Des données suffisantes doivent être librement accessibles au public

  • Le public doit avoir accès aux données relatives aux bénéficiaires effectifs, et a minima à un sous-ensemble suffisant afin de pouvoir comprendre et utiliser les données.
  • Ces données doivent être disponibles gratuitement.
  • Elles doivent être disponibles sous forme de données ouvertes, publiées sous une licence spécifique qui permet à quiconque d’y accéder, de les utiliser et de les partager sans difficultés, comme l’identification, les obligations d’enregistrement ou la collecte de données sur les utilisateurs.
  • Ces données doivent être disponibles en masse et consultables par l’entreprise et le bénéficiaire effectif.
  • Un cadre légal pour la publication des données doit être établi, conformément à la législation sur la protection de la vie privée et des données.
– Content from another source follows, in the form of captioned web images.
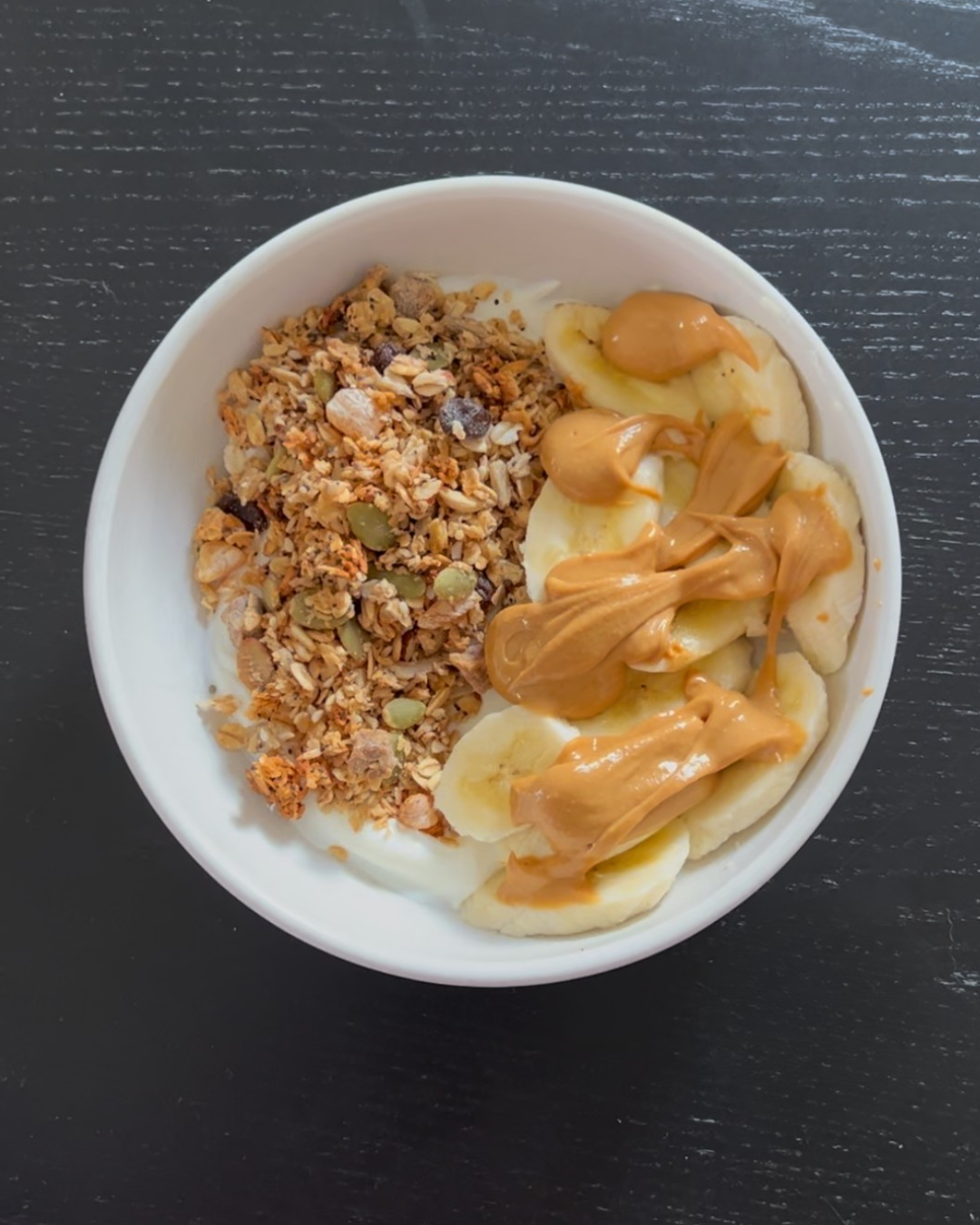 Healthy high-protein granola bowl made with Artisan Granola UK, kefir yoghurt, banana, and peanut butter – balanced breakfast for energy and recovery.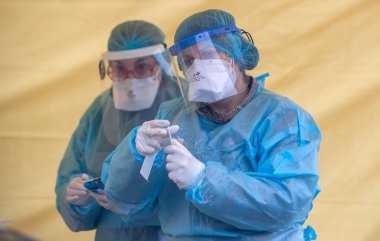 Selanik, Yunanistan - 10 Aralık 2020. Coronavirus 'a karşı korumak için özel bir takım elbise giyen bir tıp çalışanı, covid-19 için hızlı bir test uygular.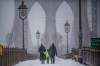 FILE - People walk down the Brooklyn Bridge during a snow storm on Saturday, Jan. 29, 2022, in New York. January can be the worst month for respiratory illnesses and vaccination rates are low. When relatives, friends and co-workers are coming down with coughs, nasal congestion, fatigue and fever, keeping viruses at bay means thorough hand-washing, good ventilation and wearing a mask in crowded areas. (AP Photo/Brittainy Newman, File)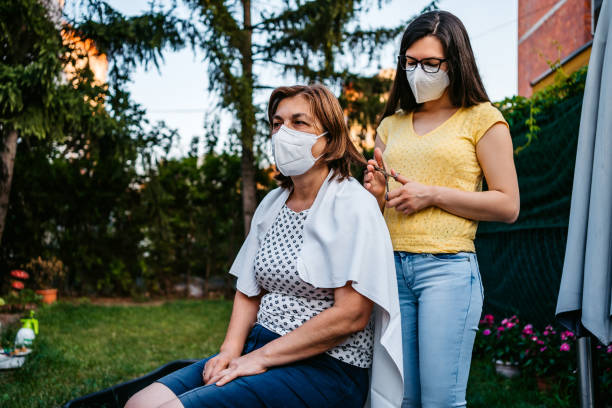 istock Volunteer doing haircut to mother during Coronavirus 1270117280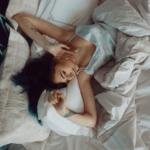 Canadian woman looking rested after spending a day in bed nursing a viral illness.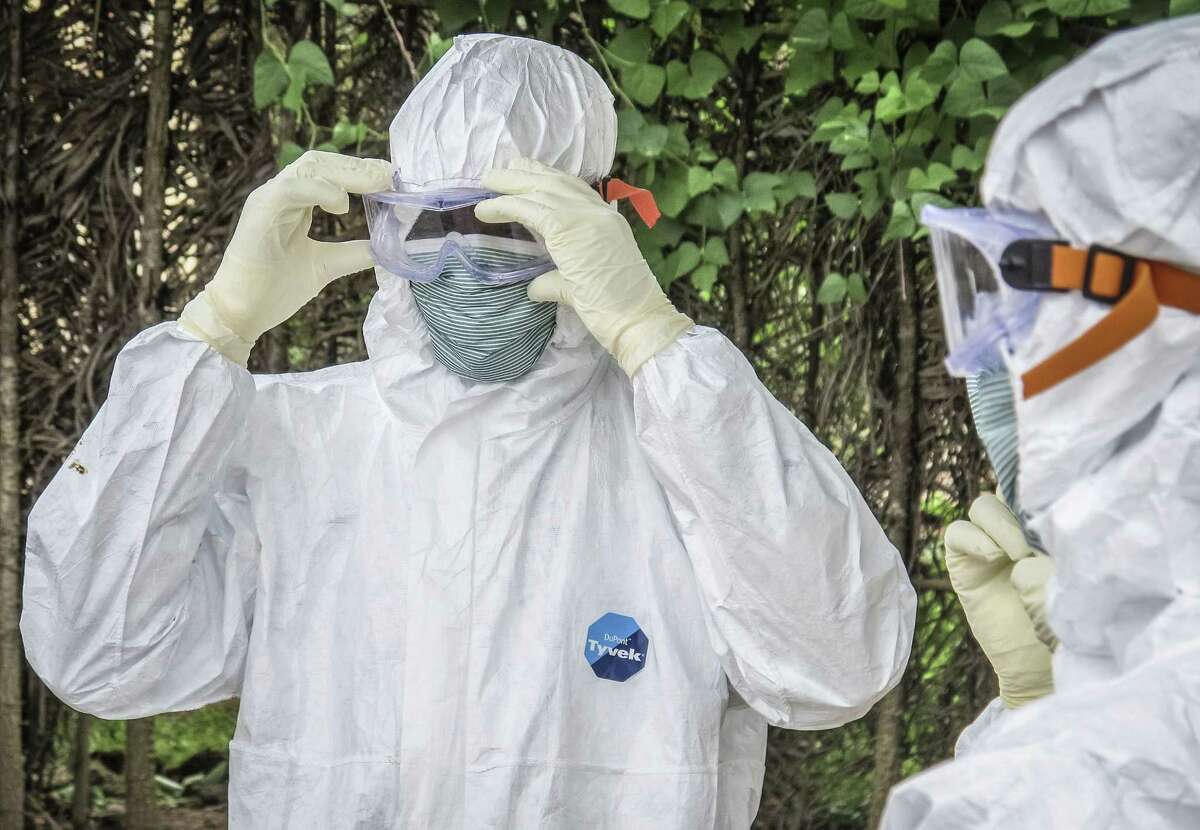 In this Tuesday, Oct. 21, 2014 photo, health workers wear protective clothing before entering the house of a person suspected to have died of Ebola virus in Port loko Community situated on the outskirts of Freetown, Sierra Leone.
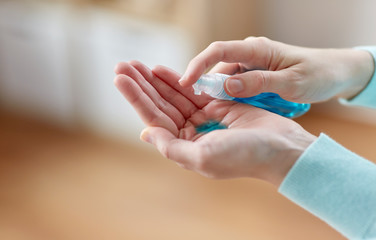 hygiene, health care and safety concept - close up of woman spraying antibacterial hand sanitizer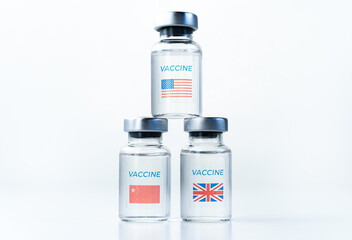 Transparent vials with USA, UK, China flag. New vaccine for covid-19 coronavirus, flu,infectious diseases. Injection after clinical trials for mass vaccination of human,people. Medicine, drug concept
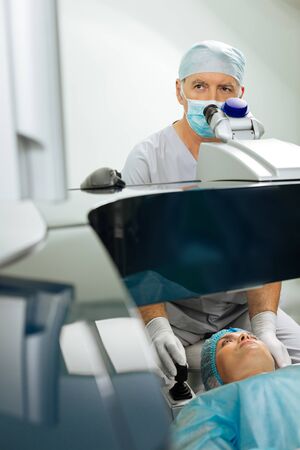 Nice mature man checking his patients eyesight while working in the hospital as a doctor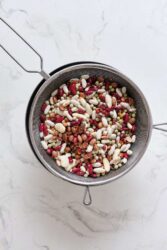 Mixed dried beans in a metal strainer for healthy eating, plant-based protein, and fiber source.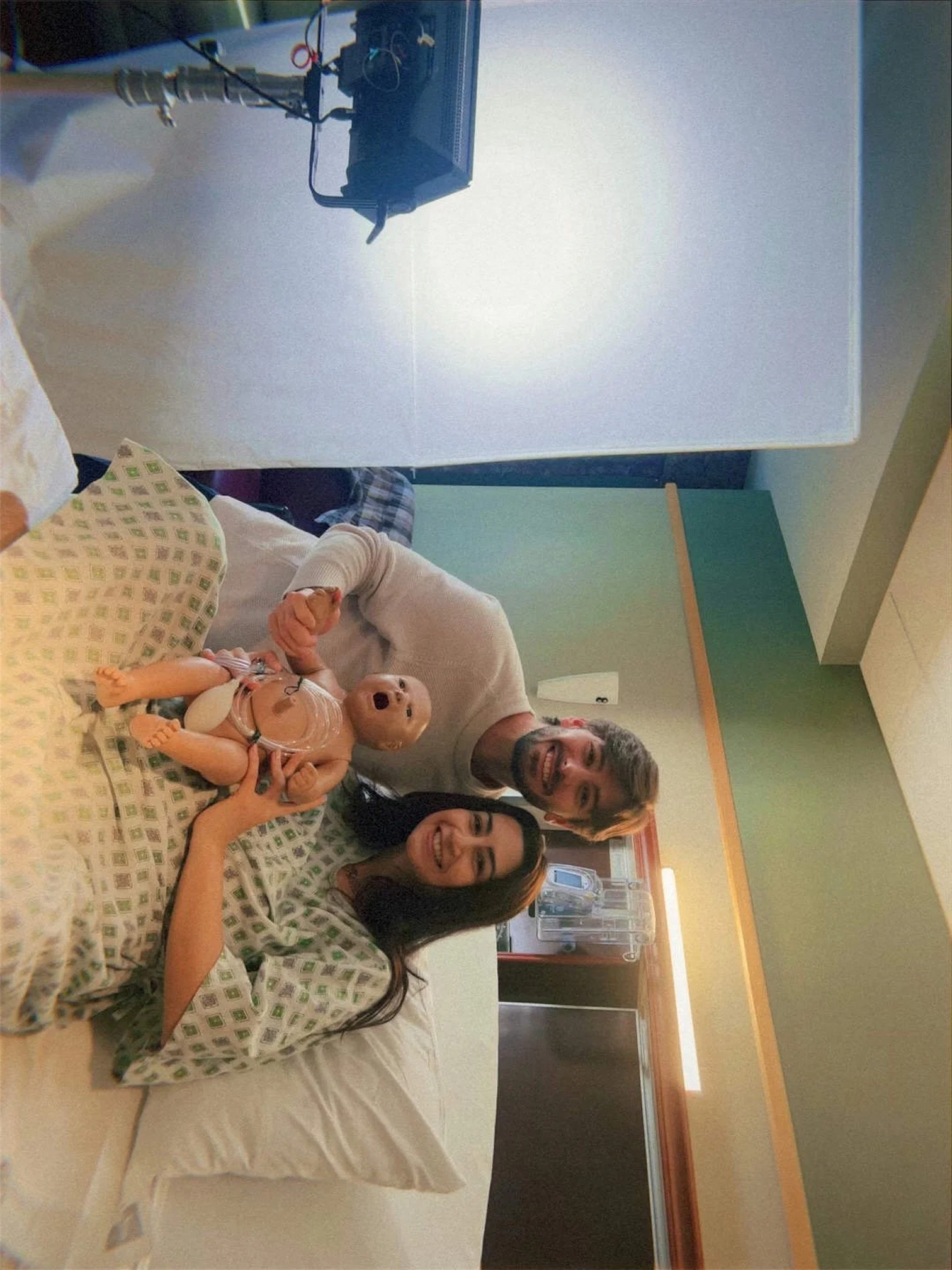 Two smiling hospital patients, a woman and a man, lying in a hospital bed holding hands with a doll and smiling at the camera.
Les effets négatifs potentiels de la publication des données doivent être compris et limités.
  • La loi doit spécifier l’objectif général de la publication des données fondé sur la redevabilité et l’intérêt général.
  • Si des informations concernant certaines catégories de personnes (par ex., les mineurs) sont exemptées de publication, cette exemption doit être clairement définie, justifiée et interprétée au sens strict.
  • Lorsqu’un système de divulgation autorise l’anonymat des données publiées au cas par cas dans un régime de protection (par exemple, pour limiter le risque pour la sécurité personnelle), les motifs de cette autorisation doivent être clairement définis, proportionnés et appliqués équitablement.
  • En cas d’exemption de publication, les données publiques doivent indiquer que les informations sur les bénéficiaires effectifs sont détenues par les autorités, mais ont été exemptées de publication.

La mise en place d’un registre central des bénéficiaires effectifs permet aux autorités d’enquête et de poursuite, aux entreprises, aux journalistes et aux citoyens du monde entier d’accéder facilement aux informations sur la propriété effective.
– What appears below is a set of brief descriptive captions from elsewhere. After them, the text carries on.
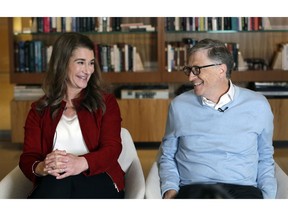 In this Feb. 1, 2019, Bill and Melinda Gates look toward each other and smile while being interviewed in Kirkland, Wash. The couple, whose foundation has the largest endowment in the world, are pushing back against a new wave of criticism about whether billionaire philanthropy is a force for good. They said they're not fazed by recent blowback against wealthy giving, including viral moments at the World Economic Forum and the shifting political conversation about taxes and socialism.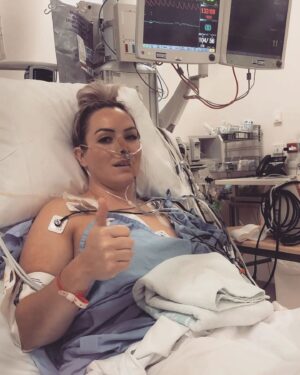 Leigh Holland-Keen Instagram - 3 weeks ago I underwent some pretty brutal surgery, surgery that I knew was risky but had to be done. I went to sleep after being told they would have to remove my left kidney, spleen, left ovary, part of my bowel, the 1kg liposarcoma and I'd have a "chemo washout" . I was so scared. It is so daunting being on your own and being faced with this. I also had an epidural prior to being sedated which brought back horrible memories of my birth but the team made me as comfortable as possible and gave me alot of reassurance which helped me in so many ways. 
.
.
I was extubated early as the surgery went well and I'm "fit and healthy" , the tumor was removed much easier than anticipated and they managed to keep the majority of my organs. I woke up with drips and drains coming out of everywhere - Arterial lines, central line, indwelling catheter, 2 abdominal drains, nasogastric tube, 3 intravenous cannulas, TPN, epidural infusion, and an oxycodone PCA. 
.
.
The next day, I had a cardiac arrest requiring CPR - I came round to a busy room full of medical staff racing around, working hard. I was told I would need a temporary pacing wire and the possibility of a pacemaker being inserted. After discussions with the cardiologist- they wanted to monitor me but attached to the defibrillator, an echocardiogram showed I have a bicuspid aortic valve with regurgitation (something I wasn't aware of). 
.
.
After 5 or 6 days in ICU I was finally moved to the ward - a few days in I developed an acute onset of new pain - I'd rather have back to back births than this pain again - I had an urgent CT at midnight to show I had pancreatitis. I was started on a continuous ketamine infusion which unfortunately made me hallucinate and I became agitated - that was stopped within 24hrs. After a couple of days things started to settle. Day by day, more drips and drains were being removed. I was in bed for 12 days so mobilising feels very weird and wobbly. 
.
.
This has certainly changed me - physically and mentally. I'll grow from this, I know it - but first I need to focus on getting my independence back and allowing myself to heal.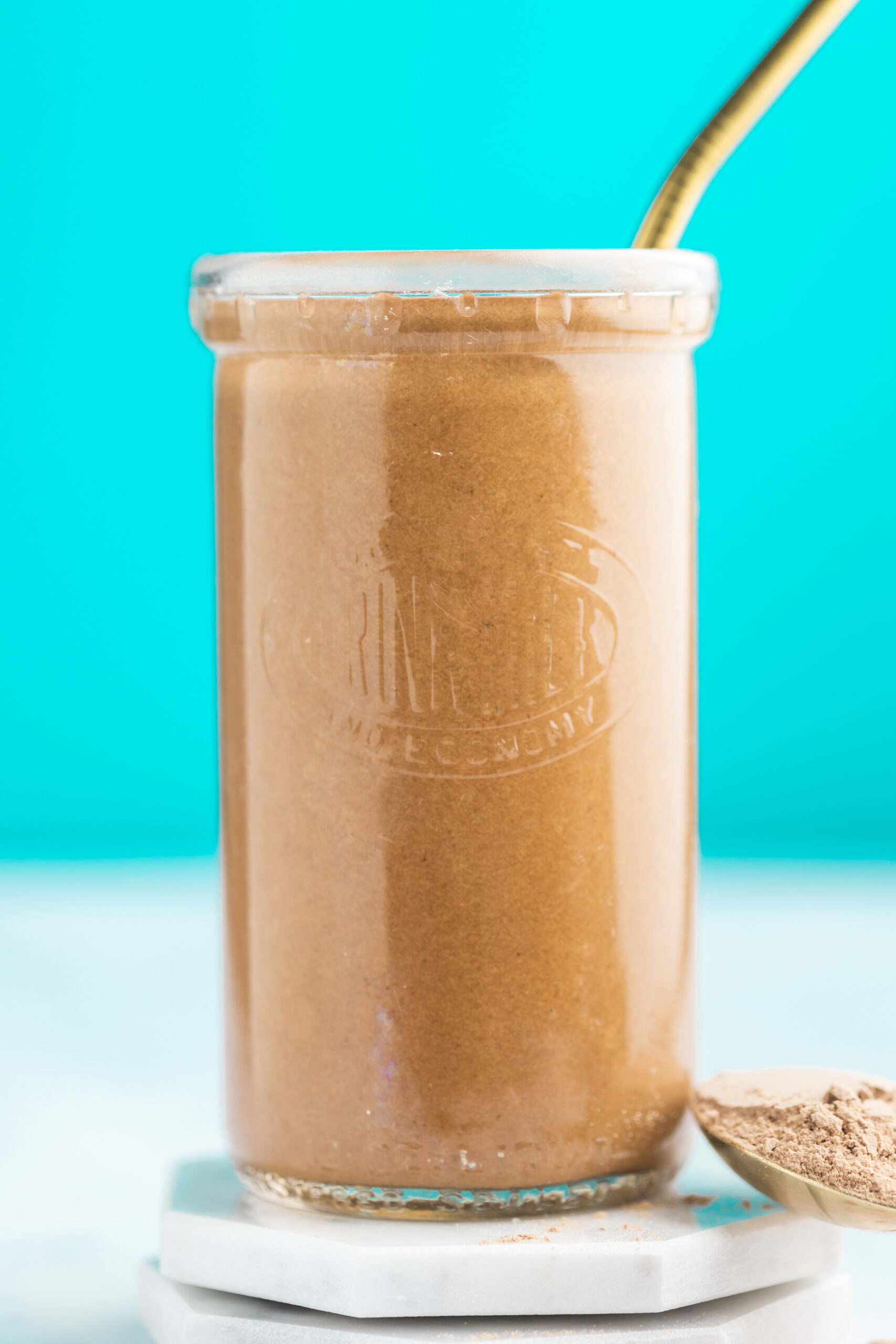 Chocolate protein smoothie on white coasters with blue background.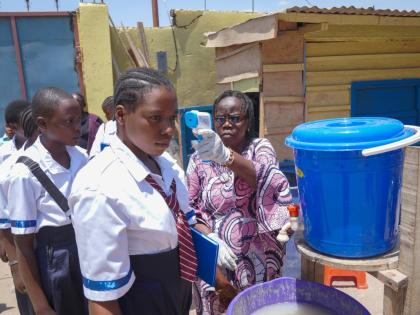 A school official checks students' temperatures as they enter school, on the first day of the new school year amid the Ebola virus outbreak, in Ituri, Congo, Tuesday, Sept.1, 2026. (AP Photo/Dieudonne Dirole)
L’utilisation généralisée des données par des tiers améliore la qualité des données et augmente leur impact en élargissant le nombre d’utilisateurs au-delà des autorités. Par exemple, les données publiques sur les bénéficiaires effectifs peuvent réduire les coûts et la complexité des vérifications préalables et de la gestion des risques pour le secteur privé, ce qui garantit des conditions égales et accroît la concurrence. Il est prouvé que les données d’un registre public sont beaucoup plus utilisées lorsqu’elles sont disponibles et qu’il n’y a pas d’obstacle, comme un enregistrement, un paiement ou une identification. Ceci est particulièrement important afin de permettre aux utilisateurs du monde entier d’accéder aux données(par exemple, pour établir des liens transnationaux entre entreprises).
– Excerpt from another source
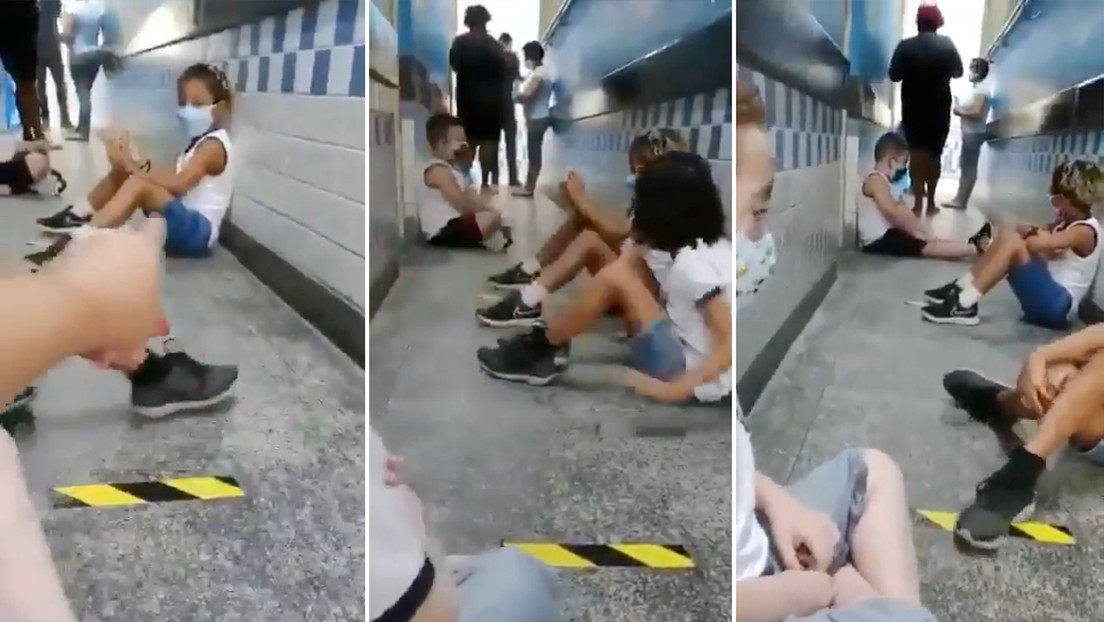 VIDEO: La imagen de unos niños en Río de Janeiro protegiéndose en una escuela de un tiroteo y manteniendo la distancia por el covid-19 se hace viral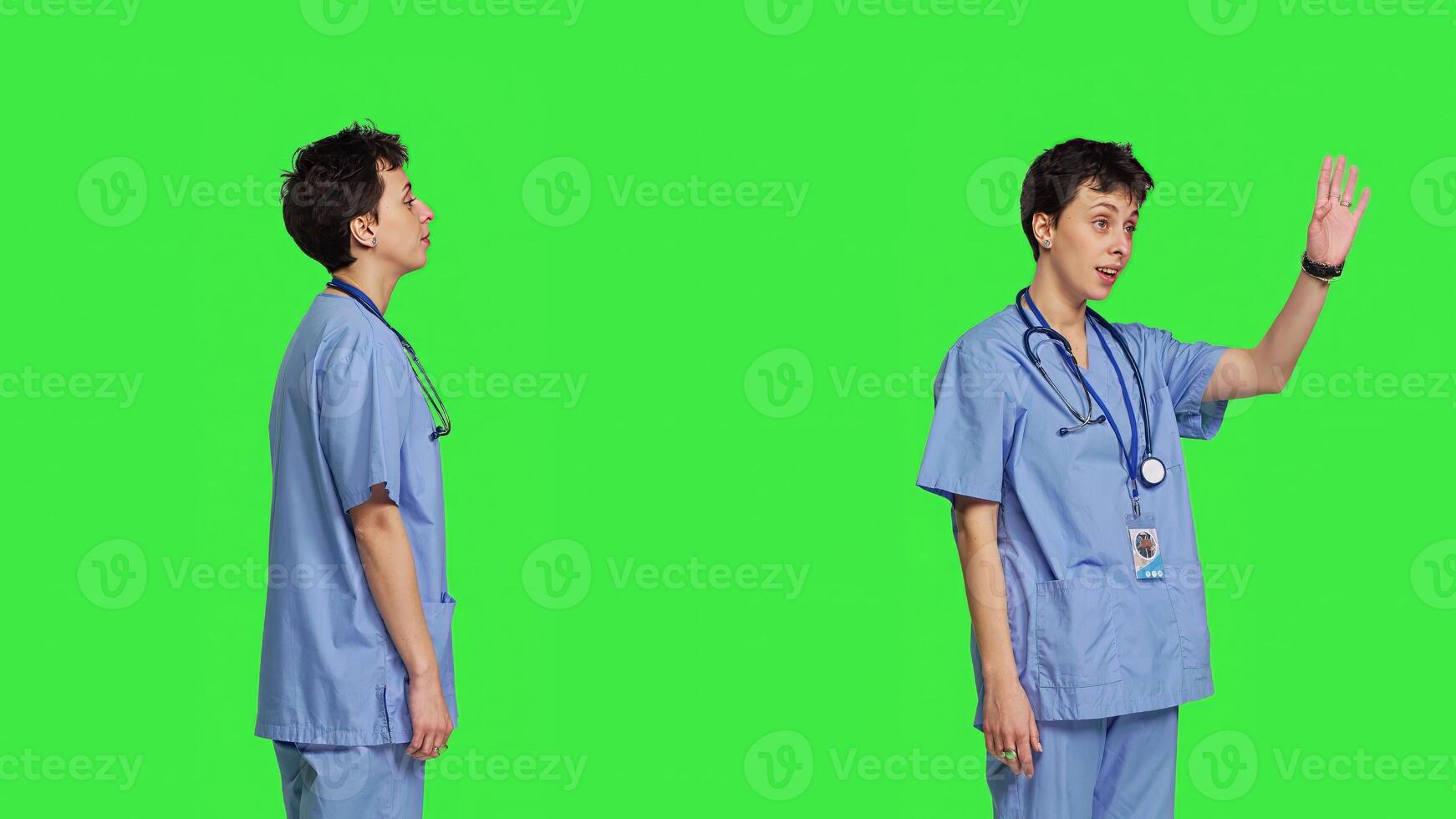 Woman nurse waving hello and inviting people to come closer, calling over patients for checkup examinations against greenscreen. Medical assistant greeting persons and asking them to come. Camera B. photo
La divulgation et la publication des informations sur les bénéficiaires effectifs relèvent d’un intérêt général légitime dans le respect de la règlementation sur la protection de la vie privée et des données, comme l’ont démontré de nombreuses juridictions ayant mis en place un système de propriété effective. Concrètement, cela signifie que les champs des données collectées et publiées (notamment les identificateurs) doivent être développés dans le cadre de la législation locale, tout en maximisant la disponibilité des informations en faveur d’une utilisation efficace des données. Les éventuels effets négatifs doivent être compris et limités (par exemple, avec la mise en place d’un accès limité et d’un régime de protection), conformément aux principes d’exploitabilité des données ci-dessus.

L’accord de l’anonymat à une personne concernant ses données relatives aux bénéficiaires effectifs (par ex., sous un régime de protection) ne doit pas constituer automatiquement une exemption de divulgation. Les bénéficiaires effectifs devront tout de même être connus et ces informations doivent rester accessibles aux autorités.